In the Philippines, the President Is Often the Court of Last Resort for Many Citizens

Associated Press

Some need help in tracking down missing spouses. Others appeal for government benefits. And they come to President Corazon Aquino as their court of last resort.

Every year, thousands of ordinary Filipinos turn to Aquino, as they did to her predecessors, for help with the mundane problems of life and in sidestepping a bloated, cumbersome bureaucracy and ineffectual local government.

They might not be the sort of problems that would involve the White House.

But in a paternalistic society, tradition demands that the boss take care of subordinates. The president is not only expected to wrestle with complex issues of statecraft but also unravel red tape and intercede on behalf of the average Filipino.


‘Source of All Solutions’

“With a historical background of colonialism and a succession of governors-general in Spanish and American times, the datus (native chiefs) and sultans before that, the Filipino has been oriented to a strong, one-man leadership as the source of all solutions,” wrote commentator Luis Beltran in The Manila Standard.

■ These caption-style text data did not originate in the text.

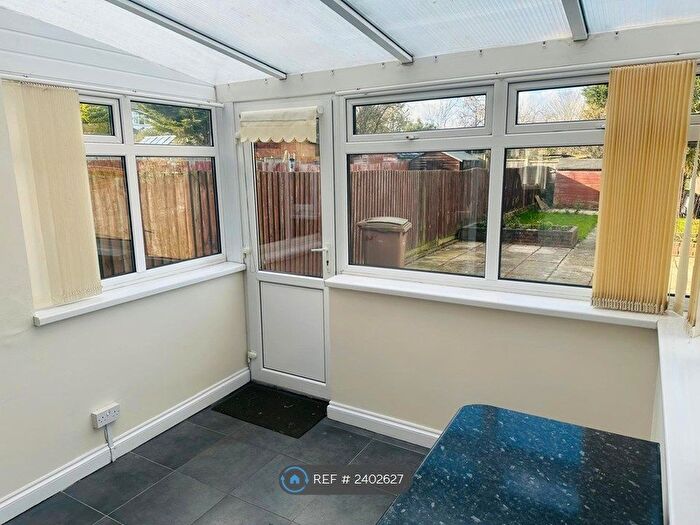 3 Bedroom Terraced House To Rent In Strathmore Ave., Luton, LU1
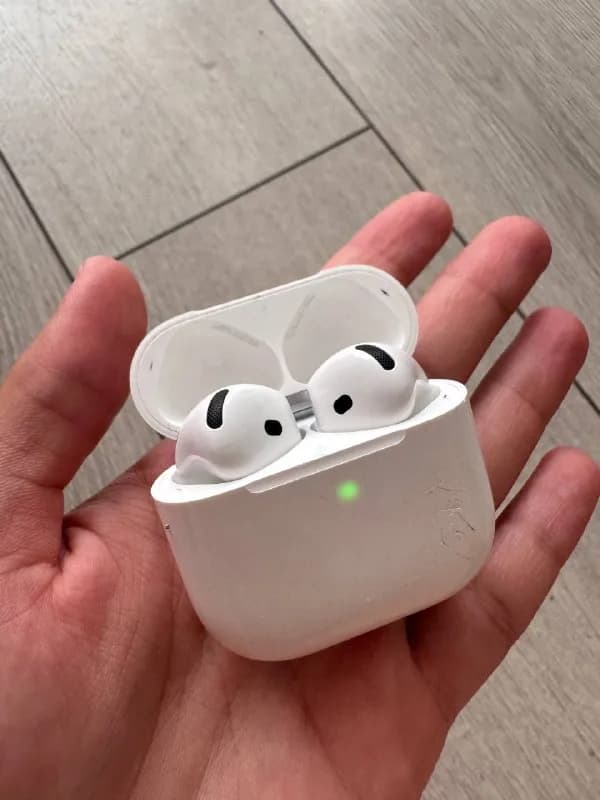 AirPods 4 (ANC) — Батуми — 170 ₾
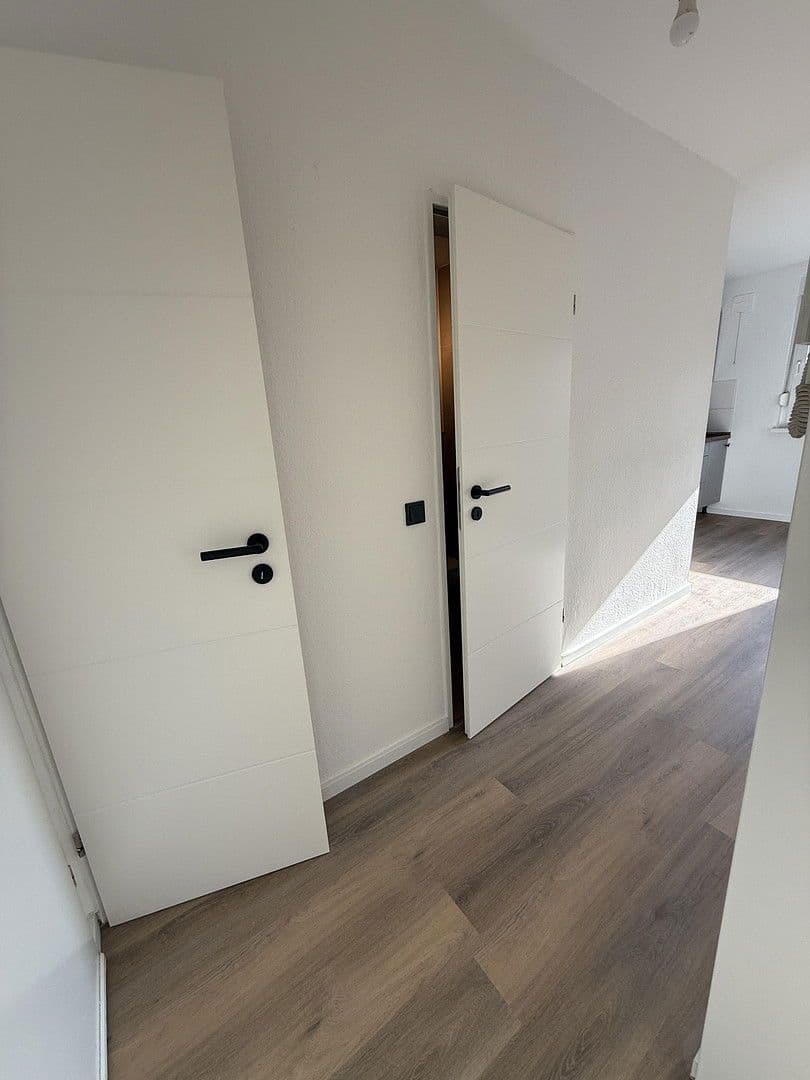 Studio flat to rent, 35 m², Neu Löhdorf 17, Solingen, North Rhine-Westphalia Studio flat to rent, 35 m², Neu Löhdorf 17, Solingen, North Rhine-Westphalia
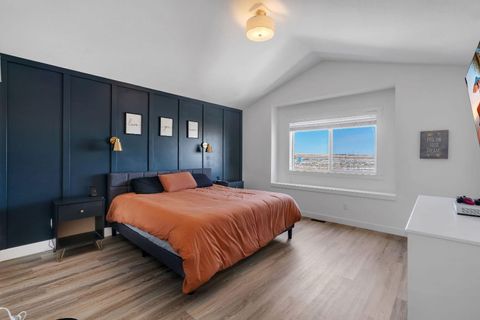 Photo of 118 REUNION Green NW, Airdrie, AB T4B 3X1 (MLS # A2316517)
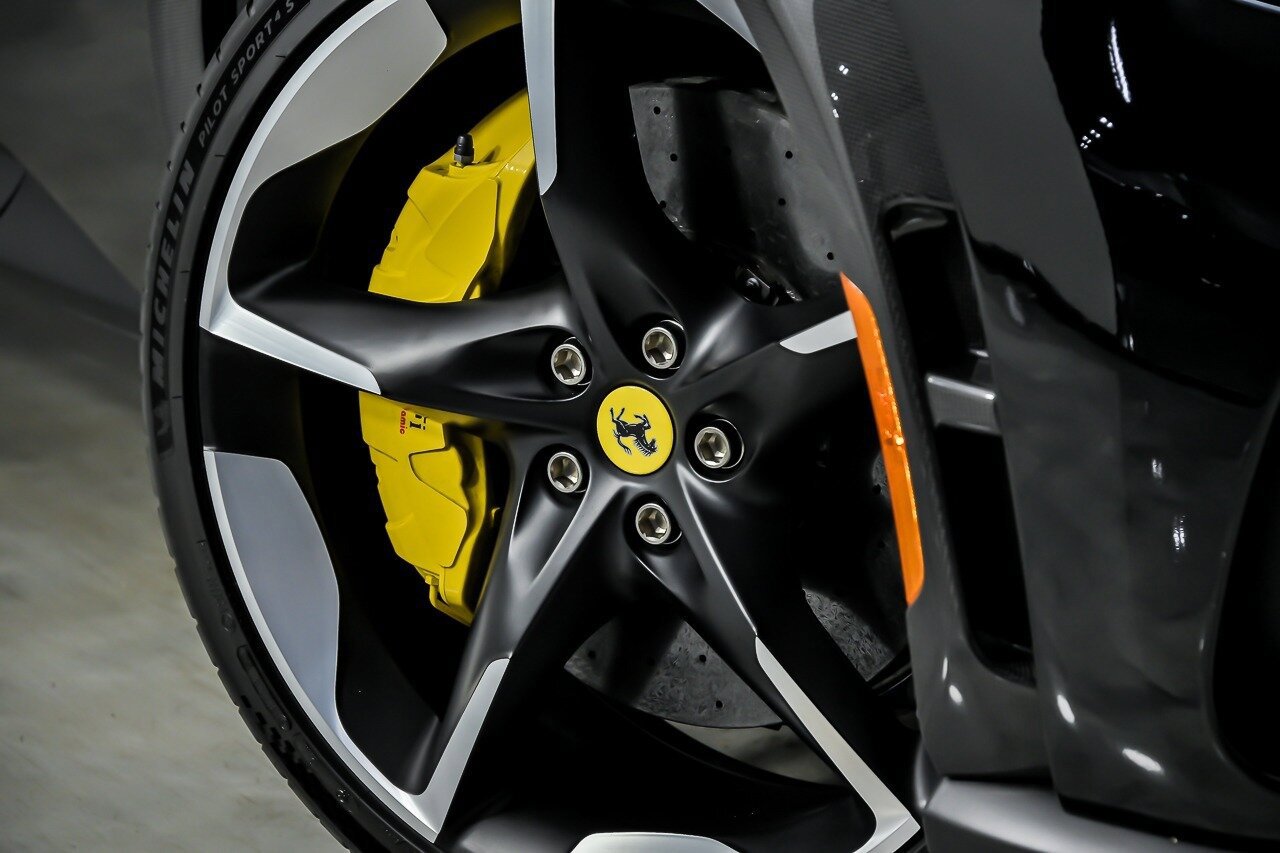 Used 2025 Ferrari Purosangue image 4
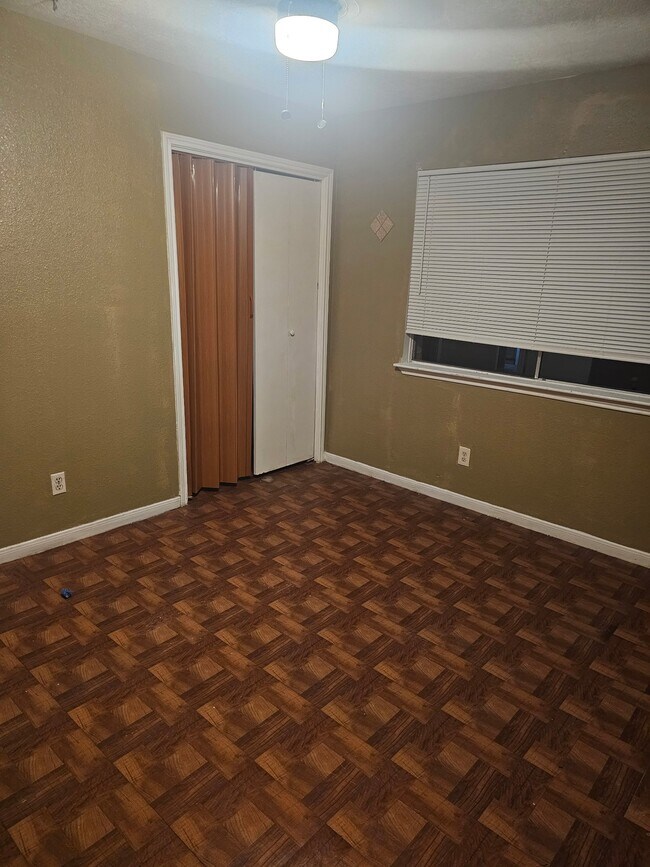 Building Photo - 4011 Alshire Dr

Ricardo Galing, director of the presidential Office of Public Assistance, said his department processed more than 30,000 requests for assistance in 1987, the last year when complete records were available.

The office was established in the 1950s and maintains a staff of about 100 people to help with citizen complaints.


Galing said some of the appeals come from town mayors, village officials and even congressmen seeking help from constituents. But most come from ordinary people, he said.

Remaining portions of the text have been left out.